If the president* really had an ounce of empathy in him, he'd issue mass pardons immediately because, otherwise, a number of people are going to feel really stupid going off to federal prison. They will be going off to federal prison knowing that they committed their crimes in defense of nothing. William Barr on Sunday did what he was hired to do. He summarized Robert Mueller's report in the most favorable light possible to the administration* and, where he couldn't do that-specifically, on the crime of obstruction of justice-he just decided to turn Mueller's own conclusion completely upside down. But, in any case, if Barr's summary is taken whole, Paul Manafort et. al. got caught up in a criminal conspiracy in which the only crimes were their own.
To refresh everyone's memory, prior to being appointed Jefferson Beauregard Sessions's successor, Barr wrote a 19-page memo regarding the Mueller investigation in which he pretty much predicted his own summary.
Mueller should not be permitted to demand that the President submit to interrogation about alleged obstruction. Apart from whether Mueller a strong enough factual basis for doing so, Mueller’s obstruction theory is fatally misconceived. As I understand it, his theory is premised on a novel and legally insupportable reading of the law. Moreover, in my view, if credited by the Department, it would have grave consequences far beyond the immediate confines of this case and would do lasting damage to the Presidency and to the administration of law within the Executive branch.
...in a further unprecedented step, Mueller would apply this sweeping prohibition to facially-lawful acts taken by public officials exercising of their discretionary powers if those acts influence a proceeding. Thus, under this theory, simply by exercising his Constitutional discretion in a facially-lawful way - for example, by removing or appointing an official; using his prosecutorial discretion to give direction on a case; or using his pardoning power ~ a President can be accused of committing a crime based solely on his subjective state of mind. As a result, any discretionary act by a President that influences a proceeding can become the subject of a criminal grand jury investigation, probing whether the President acted with an improper motive.
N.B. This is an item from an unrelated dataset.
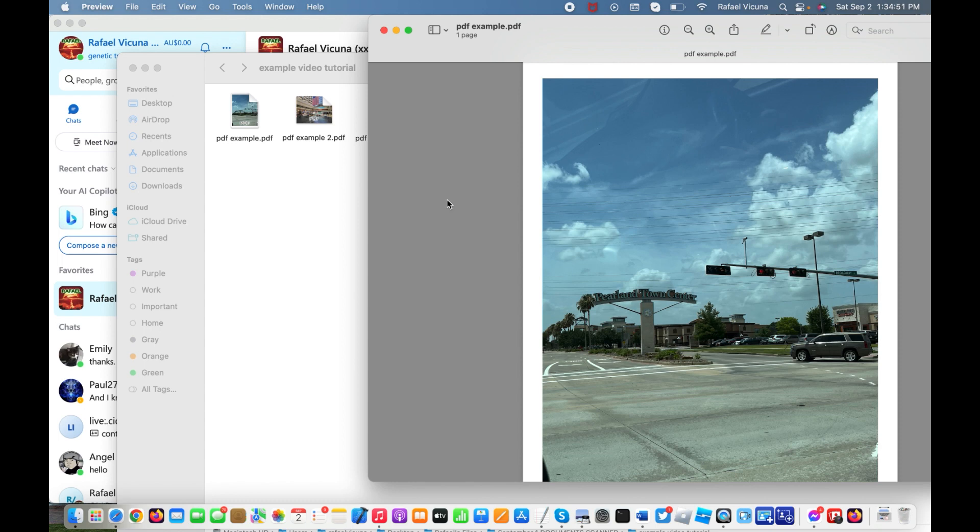Hey everyone, it's Raphael from XXRaphael Productions and I'm going to show you how to combine multiple PDFs into one file. It's very simple. We're going to be using the Preview app for this, so let's get to work.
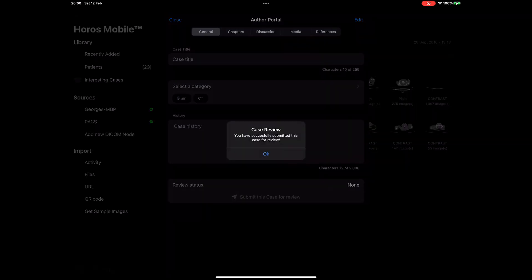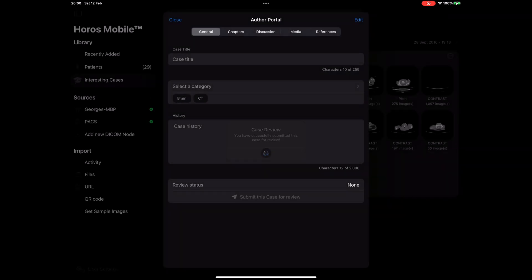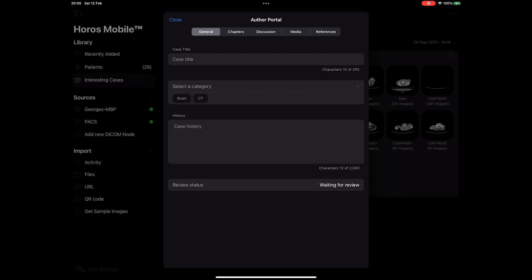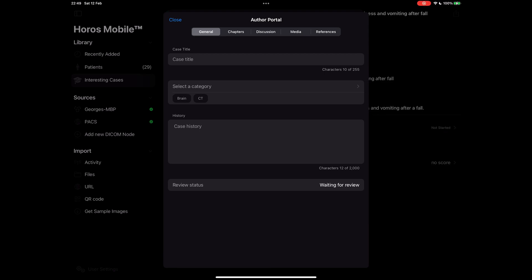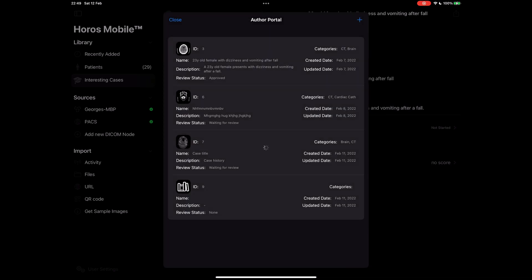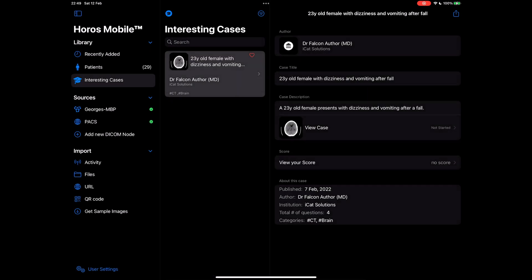A message will inform me that my case is waiting for review. Once it has been approved, I will get a notification informing me that it has been published and is now visible for everyone to access. Let's check some of the already approved and published cases. We can see a case here that has been submitted previously and has been approved. Tap on the case card to reveal the details of the case.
So, when you get to the following passage in Barr's summary, you can't possibly be surprised.
After reviewing the Special Counsel's final report on these issues; consulting with Department officials, including the Office of Legal Counsel; and applying the principles of federal prosecution that guide our charging decisions, Deputy Attorney General Rod Rosenstein and I have concluded that the evidence developed during the Special Counsel's investigation is not sufficient to establish that the President committed an obstruction-of-justice offense. Our determination was made without regard to, and is not based on, the constitutional considerations that surround the indictment and criminal prosecution of a sitting president.
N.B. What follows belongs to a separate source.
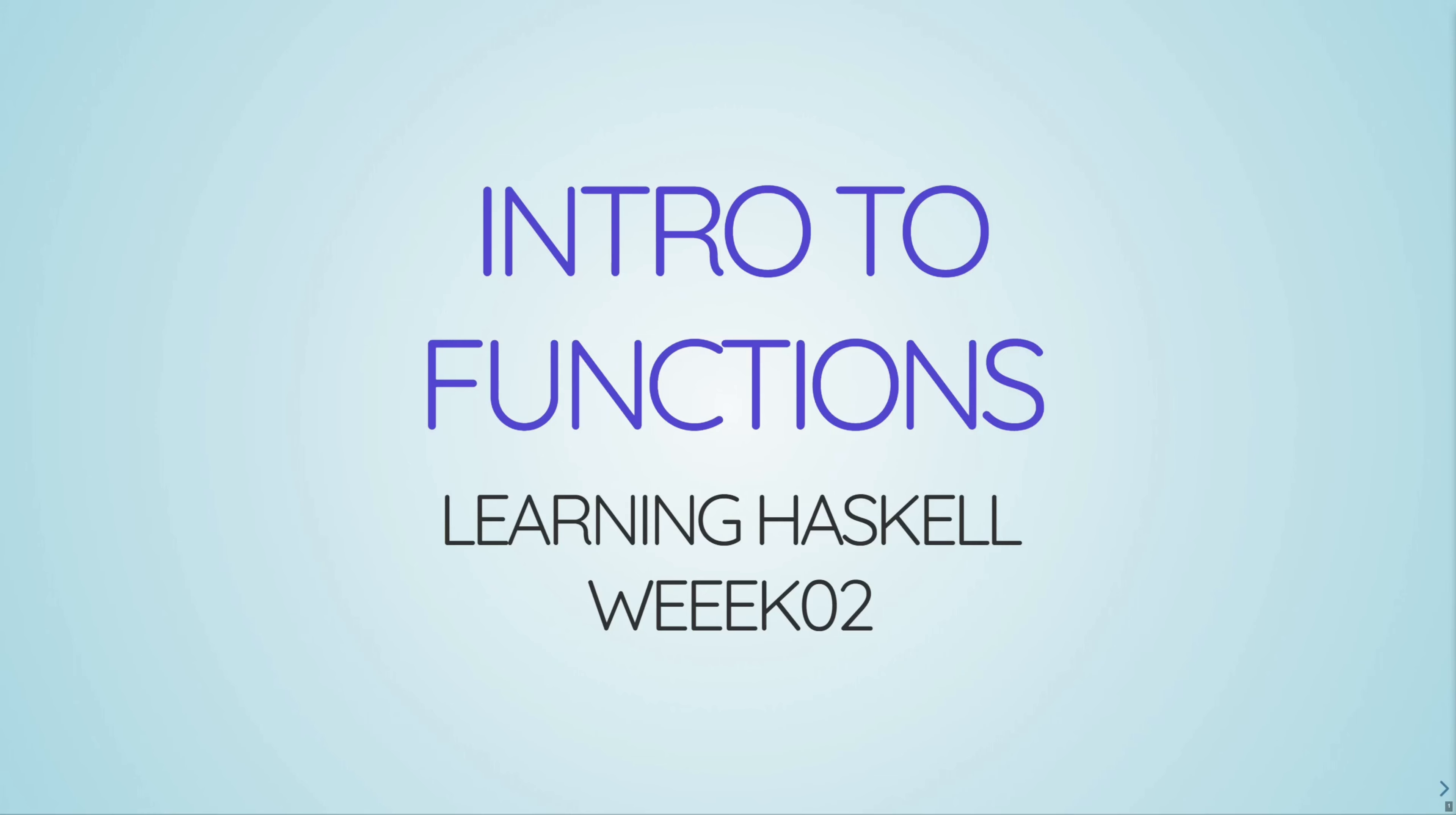Hey guys, and welcome to our first real tutorial on learning Haskell. So hopefully you watched my other video already and you installed everything that you needed and you're primed and ready to go, ready to start programming.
In making this determination, we noted that the Special Counsel recognized that "the evidence does not establish that the President was involved in an underlying crime related to Russian election interference," and that, while not determinative, the absence of such evidence bears upon the President's intent with respect to obstruction.
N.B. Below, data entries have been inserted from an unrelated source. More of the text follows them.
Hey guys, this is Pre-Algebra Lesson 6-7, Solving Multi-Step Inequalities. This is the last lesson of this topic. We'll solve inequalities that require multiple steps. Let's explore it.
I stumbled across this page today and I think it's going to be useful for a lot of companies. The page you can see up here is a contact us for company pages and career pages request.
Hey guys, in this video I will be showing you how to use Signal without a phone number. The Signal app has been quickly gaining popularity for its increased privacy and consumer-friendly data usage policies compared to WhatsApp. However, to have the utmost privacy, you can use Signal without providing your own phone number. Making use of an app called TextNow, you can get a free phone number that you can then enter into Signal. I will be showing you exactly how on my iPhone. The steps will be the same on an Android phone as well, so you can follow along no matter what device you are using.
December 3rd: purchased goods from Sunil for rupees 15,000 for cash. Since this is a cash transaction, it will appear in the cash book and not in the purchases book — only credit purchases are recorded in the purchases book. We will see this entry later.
And thereby hangs the upcoming brawl. Mueller says essentially that he is drawing no conclusions on obstruction of justice. Meanwhile, Barr-and Rod Rosenstein-are saying that, because Mueller drew no conclusions, he did in fact draw a conclusion. The law, as it has been said, is an ass.
There will be insufferable cock-a-doodle-doo'ing from the usual suspects for the next two years, and we all better get used to it. I suspect that both Barr and Mueller will get hauled before various congressional committees. In fact, the basic overriding result of Barr's summary is that the whole matter now has been dumped into the laps of a divided and hyper-partisan Congress in such a way as to guarantee that the Congress will be more divided and more hyper-partisan than ever before. The Democratic House will hold hearings and the Republican Senate will yell about Hillary Clinton. The Internet will be indiscriminately insane for the foreseeable future.
For those of us who are Iran-Contra obsessives-and you know who you are out there-this summary carries a similar aroma. A lot of important people are going to pass the buck around to each other, over and over again, until the country forgets what all the fuss was in the first place. This should be no surprise, again, because, back in 1992, when he was George H.W. Bush's AG, Barr advised that president to pardon all of the people convicted in Iran-Contra-people who, unsurprisingly, all could have testified that Bush's non-involvement was a self-serving lie. Maybe he'll give this president* the same advice. Who knows?
The wild card, of course, is the president* himself. He's got another wankfest scheduled this week and he's liable to say anything. And Paul Manafort still will be in jail simply because he got tied up with a guy who opened the floodgates on Manafort's crimes. He'll sit there forever, hoping for a pardon that will never come because he's not the guy who got to appoint his own attorney general to bail him out.